Tuesday, June 18, 2013

Man's Best Friend

You may think that this is going to be a discussion of the differences in the treatment of animals between the States and Cameroon, but you would be wrong.

This is about critters.

I have recently been going through this "everything deserves to live and has a place in the CIRCLE OF LIFE AND IT MOVES US ALL" phase. I can tell you now that it's over. Maybe it's that it doesn't really work in Africa.

Right now, my skin is a battlefield. Picture WWI. Mustard gas. Barbed wire. Pus. Blood. The dead and dying. (I may be taking this a little far, when I don't have my camera to upload the poorly lit and fuzzily frightening picture I took of my ankle last night)

There are these things called moute-moutes and they might look like slightly-bigger gnats, but they are not. Darwin would love them. They eat everything - bananas, pineapples and especially me. When they bite you, it stings a little and you look down and there's a spot of blood on your ankle, hand, elbow, foot, whatever. Then you know that you have a giant raised red itchy bug bite with a liquid filled raised head that sometimes gets bigger than a pencil eraser.

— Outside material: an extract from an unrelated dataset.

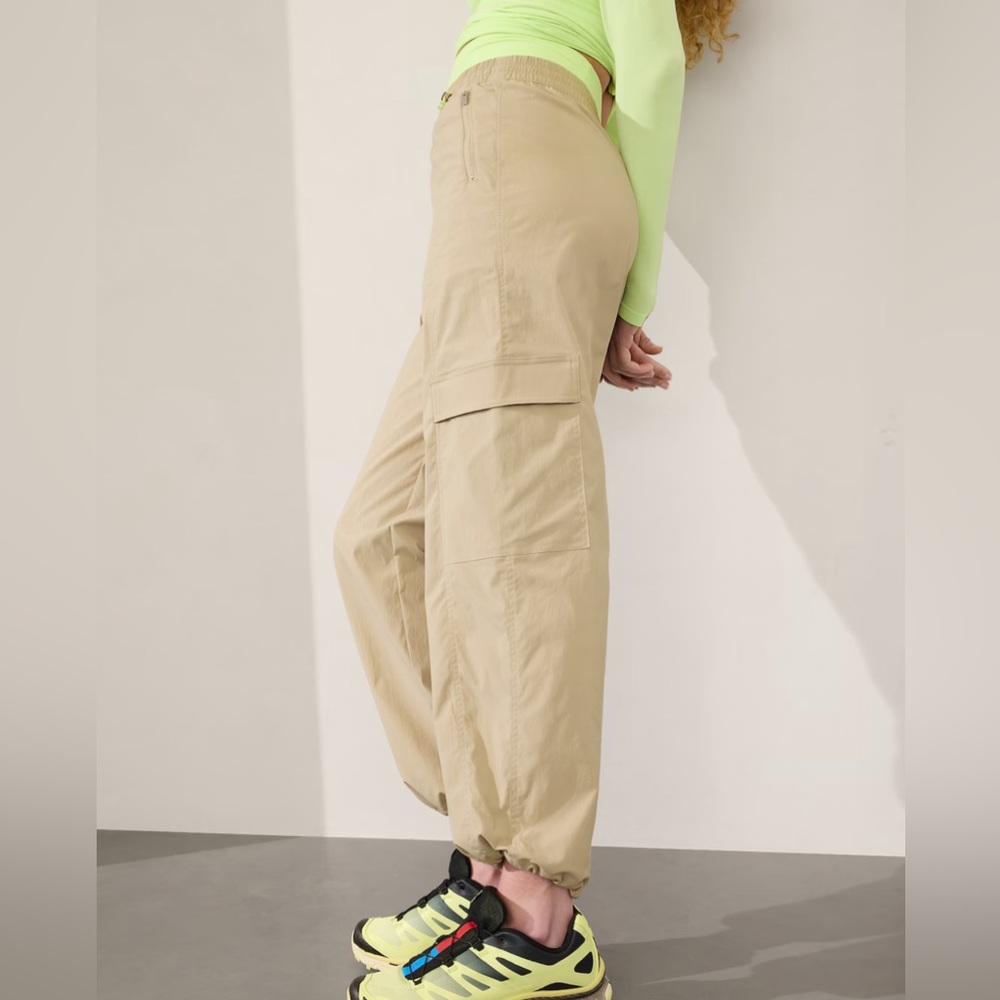 Athleta CASCADE CARGO POPLIN PANT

There are also of course mosquitos and ants.

And then yesterday, I found out about blister beetles. This is not something I pulled from Harry Potter. They are real. They land on you and inject ACID into your skin, which then peels up like you have been BURNED BY ACID, because you have. I think I might have gotten one.

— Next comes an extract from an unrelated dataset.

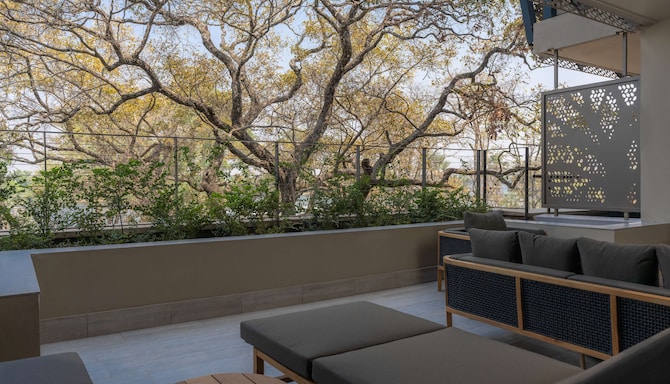 Radisson Blu Mosi-oa-Tunya Livingstone Resort - Premium Suite with terrace & Zambezi River view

Right now, there's a mark a little smaller than a deck of cards on my leg that is a really angry red color and is fevery and now my ankle is swelling...just after I got over have swollen ankles and feet from the heat.

Also, last night went to the bathroom. Dropped trou and got ready to do my business and a massive roach raced between my legs to hang out on the doorway, so I was effectively trapped.

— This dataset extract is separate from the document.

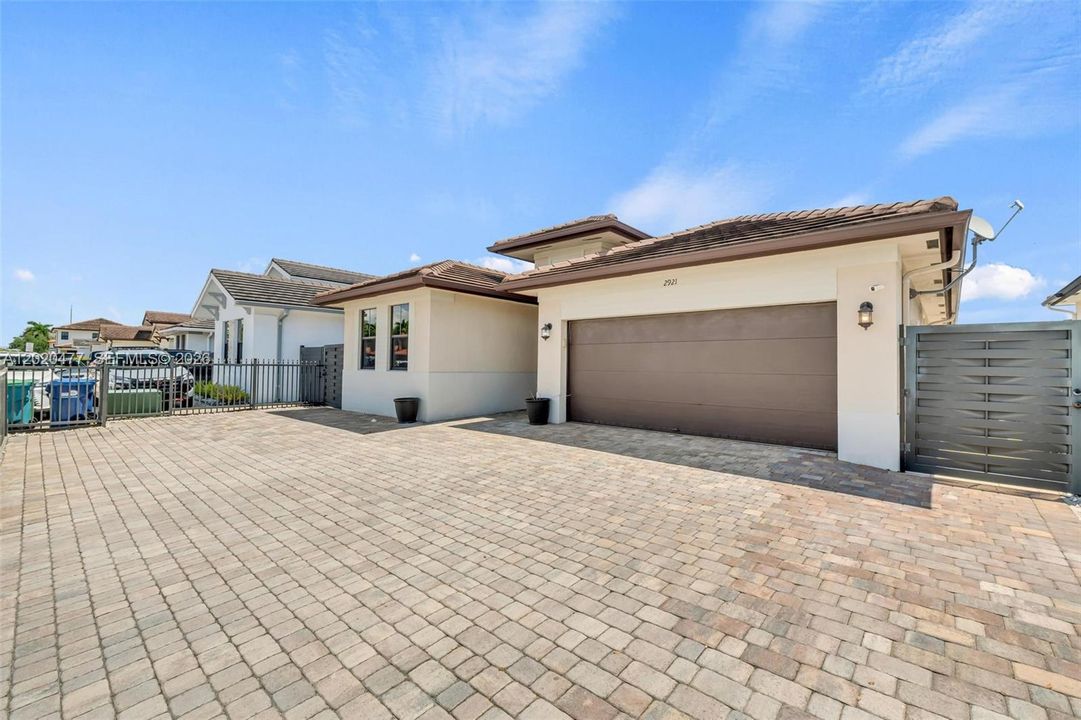 For Sale: $865,000 (4 beds, 3 baths, 2065 Square Feet)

I can deal with spiders. I can deal with moutemoutes. I can even deal with blister beetles, but there is something about a roach that I just cannot deal with. I attempted to kill it using my heavy-duty hiking boots, but pas de chance (no luck); it disappeared into the night.

(More happy things to follow. I'll try to get a picture of me with a million bananas soon)

1 comment:

  1. Your title is misleading. I was expecting a happy tale about how you found the perfect companion blah blah blah. Not about horrible bugs injecting things into your skin. If you need more scar cream, we can send it. Also, send me a letter.